_Problem description_
Copy out the data so that nothing differs from the original.

Short text fragments from websites:
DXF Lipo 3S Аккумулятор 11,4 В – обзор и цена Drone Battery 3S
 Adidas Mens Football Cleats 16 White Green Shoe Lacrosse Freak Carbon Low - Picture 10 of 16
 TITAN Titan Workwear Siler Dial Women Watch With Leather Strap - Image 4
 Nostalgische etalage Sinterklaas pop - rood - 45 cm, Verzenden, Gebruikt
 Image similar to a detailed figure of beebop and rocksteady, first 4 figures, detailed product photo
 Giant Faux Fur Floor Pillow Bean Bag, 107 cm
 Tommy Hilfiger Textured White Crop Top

_Task result_
DXF Lipo 3S Аккумулятор 11,4 В – обзор и цена Drone Battery 3S
 Adidas Mens Football Cleats 16 White Green Shoe Lacrosse Freak Carbon Low - Picture 10 of 16
 TITAN Titan Workwear Siler Dial Women Watch With Leather Strap - Image 4
 Nostalgische etalage Sinterklaas pop - rood - 45 cm, Verzenden, Gebruikt
 Image similar to a detailed figure of beebop and rocksteady, first 4 figures, detailed product photo
 Giant Faux Fur Floor Pillow Bean Bag, 107 cm
 Tommy Hilfiger Textured White Crop Top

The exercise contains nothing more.